Gromnice zapalone, podawane bywają do rąk ludziom konającym.
***
Z homilii ks. kardynała Prymasa Polski Stefana Wyszyńskiego na dzień Matki Bożej Gromnicznej, 2.II.1965 r.
Ku upamiętnieniu tej chwili Kościół od dawna poświęcał w świątyniach świece, w Polsce nazwaliśmy je gromnicami… Gromnica to taka, która jak piorunochron bierze gromy na siebie, a innych przed nimi zastawia. Tak czyni Matka Najświętsza Łaskawa, gdy zbiera w swych dłoniach i łamie pociski gniewu…, które przez Jej przyczynę i w Jej rękach stają się promieniami łask. Tak czyni Panienka Gromniczna, która jak mówią polskie legendy ludowe, idzie z zapaloną gromnicą przez polskie uśpione sioła i chroni je od nieszczęść, napaści i wilków. Szczególnie dzisiaj wiele namnożyło się wilków na świecie, które chciałyby pożreć człowieka ze wszystkimi jego prawami i z całą jego wysoką godnością osoby ludzkiej.

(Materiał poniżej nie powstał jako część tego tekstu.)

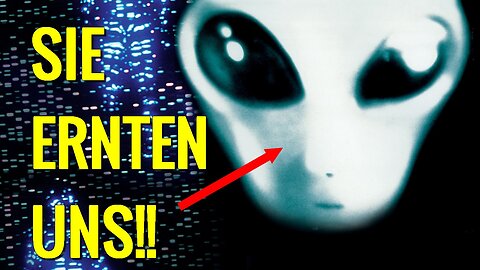 Außerirdische Graue Aliens von Zeta Retikuli ernten uns weil wir Seelenbehälter für sie sind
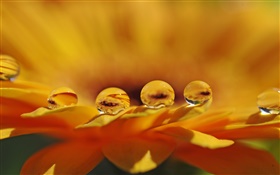 Flor macro, pétalas, gotas de água amarela HD Papéis de Parede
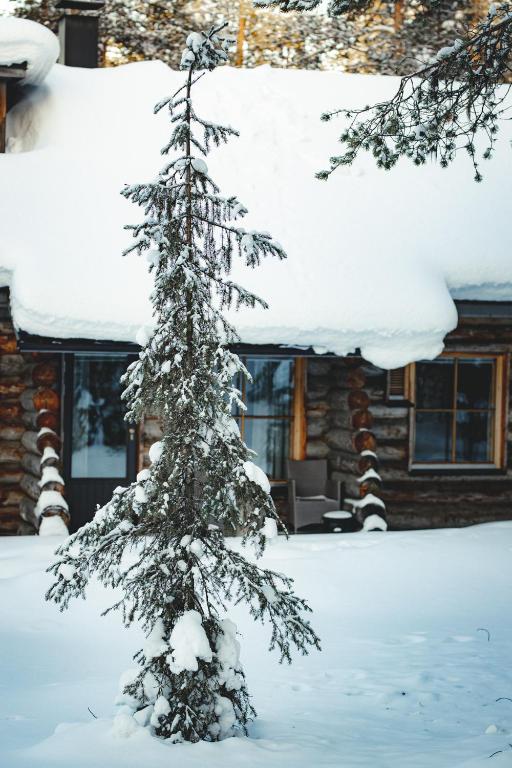 a snow covered pine tree in front of a house at Economy Lomailevi in Levi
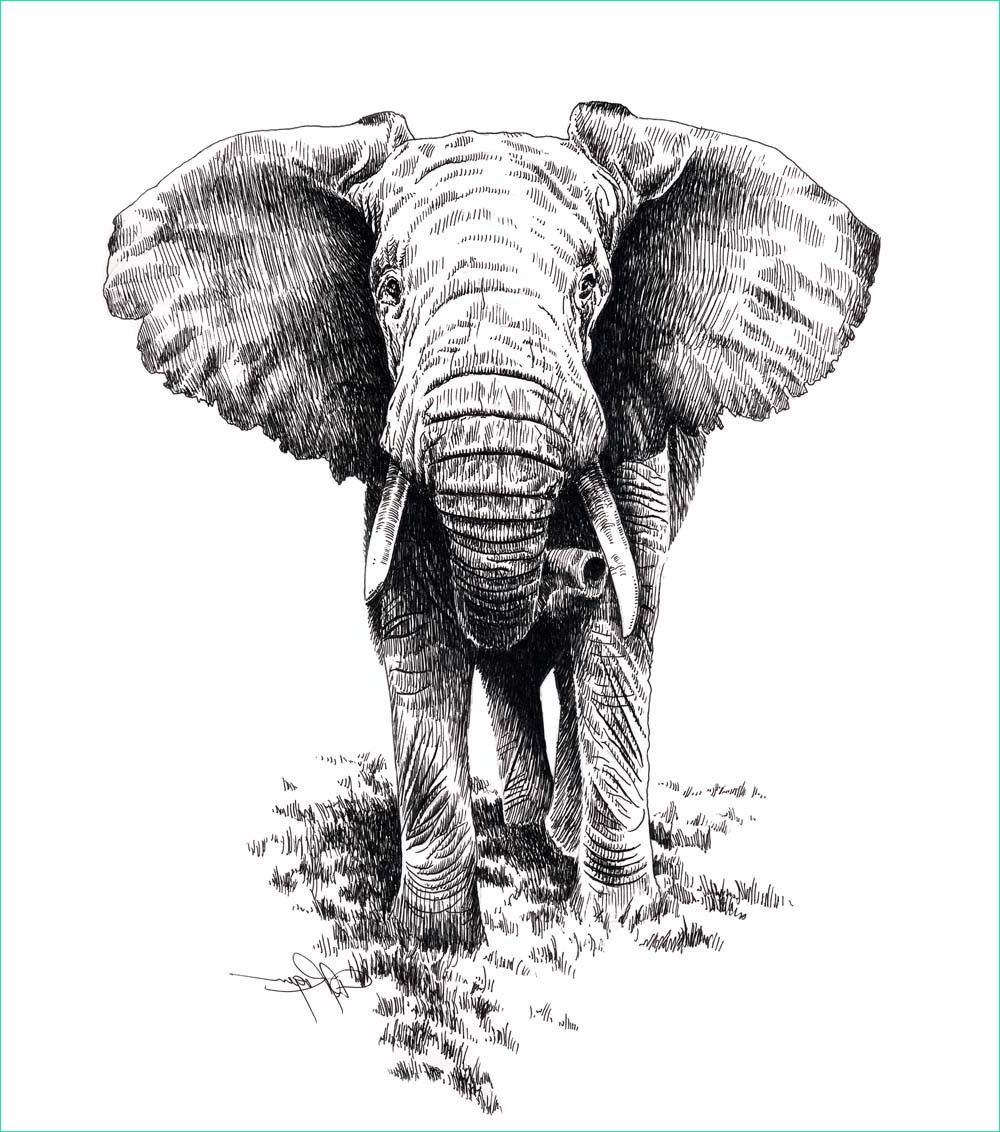 Dessin Tete D&amp;#039;elephant Nouveau Collection Elephant Face Front Google Search A Imprimer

(…)Nieście, więc… płonące świece, pielęgnujcie tę światłość w swoich duszach, domostwach i w całym życiu… w promieniach Matki Bożej Gromnicznej.
***
Józef Szczypka, Kalendarz Polski
Świeca cudowna, którą wielcy panowie otrzymywali czasem od samego papieża. Świeca jak gdyby obarczona różnymi trudnymi zadaniami: oto ma być towarzyszką na ostatni moment żywota, oto powinna zmagać się z pożogą, wichurą, gromem. (…)Z zapaloną świecą, zazwyczaj przystrojoną wiankiem i wstążkami, wracano uroczyście do domów. Jeśli trzy krople wosku spadły szczęśliwie na rękę, wiedziano, iż jest to wróżba pomyślna. Jeśli z kolei już w izbie zapalono od gromnicy świeczuszki i czyjaś pierwsza zgasła, wiedziano, iż ten, kto ją zapalił, umrze najwcześniej.
Teodor Axentowicz, Na gromniczną
Gorące modły zanoszono zimą, do lutowych Świętych od zdrowia. Zbliżał się wszak czas wiosennej chudoby, osłabienia i chorób.

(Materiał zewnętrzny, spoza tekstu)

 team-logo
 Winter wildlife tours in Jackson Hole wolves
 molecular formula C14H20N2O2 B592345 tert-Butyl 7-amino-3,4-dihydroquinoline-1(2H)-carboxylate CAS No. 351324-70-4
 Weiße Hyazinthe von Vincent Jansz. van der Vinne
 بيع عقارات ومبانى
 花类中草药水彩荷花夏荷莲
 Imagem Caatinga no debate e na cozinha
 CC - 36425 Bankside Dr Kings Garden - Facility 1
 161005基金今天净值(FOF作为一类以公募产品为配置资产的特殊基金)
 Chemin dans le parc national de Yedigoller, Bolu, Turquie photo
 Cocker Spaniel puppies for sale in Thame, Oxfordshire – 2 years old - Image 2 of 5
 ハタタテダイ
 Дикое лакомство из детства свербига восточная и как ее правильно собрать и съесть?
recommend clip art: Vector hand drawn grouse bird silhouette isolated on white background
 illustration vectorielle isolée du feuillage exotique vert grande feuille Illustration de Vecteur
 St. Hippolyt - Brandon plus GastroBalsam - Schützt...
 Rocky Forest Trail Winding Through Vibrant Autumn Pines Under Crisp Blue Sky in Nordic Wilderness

3 lutego — dzień św. Błażeja.
Święty jest patronem kamieniarzy i weterynarzy. Należy do 14 — tu świętych wspomożycieli, wzywanych we wszystkich potrzebach. Św. Błażej słynął z leczenia chorób, zwłaszcza gardła. Tego dnia w kościele święcono jabłka, chleb, wino, wodę które podawano chorym na gardło. W niektórych okolicach zamiast jabłek święcono małe skrzyżowane świeczki — błażejki, którymi okadzano chore miejsca.

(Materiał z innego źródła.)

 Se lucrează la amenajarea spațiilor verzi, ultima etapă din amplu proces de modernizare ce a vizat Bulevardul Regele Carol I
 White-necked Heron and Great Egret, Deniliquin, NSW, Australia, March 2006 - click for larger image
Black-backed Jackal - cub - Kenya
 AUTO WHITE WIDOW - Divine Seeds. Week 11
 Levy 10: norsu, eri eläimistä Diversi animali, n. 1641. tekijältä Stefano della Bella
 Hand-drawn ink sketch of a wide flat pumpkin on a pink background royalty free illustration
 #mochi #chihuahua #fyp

5 lutego — dzień św. Agaty
Chleb, sól św. Agaty od ognia strzeże chaty
Gdzie św. Agata, bezpieczna tam chata.
Gdy św. Agata po błocie brodzi, człek w Zmartwychwstanie po lodzie chodzi.
W dniu świętej błogosławiono w kościołach chleb, sól i wodę, które chowano w domach by chroniły obejścia od nieszczęść i żywiołów. Wrzucenie poświęconej soli do studni miało oczyścić wodę. Święcono też kartki z napisami broniącymi przed pożarem, które wieszano w chacie. Sól, okruchy chleba mieszano z posiłkiem, aby chorym przywrócić zdrowie, a zwierzęta uchronić od zarazy. Św. Agata jest patronką kowali i piekarzy. Kobiety zwracają się do niej w różnych chorobach, zwłaszcza piersi.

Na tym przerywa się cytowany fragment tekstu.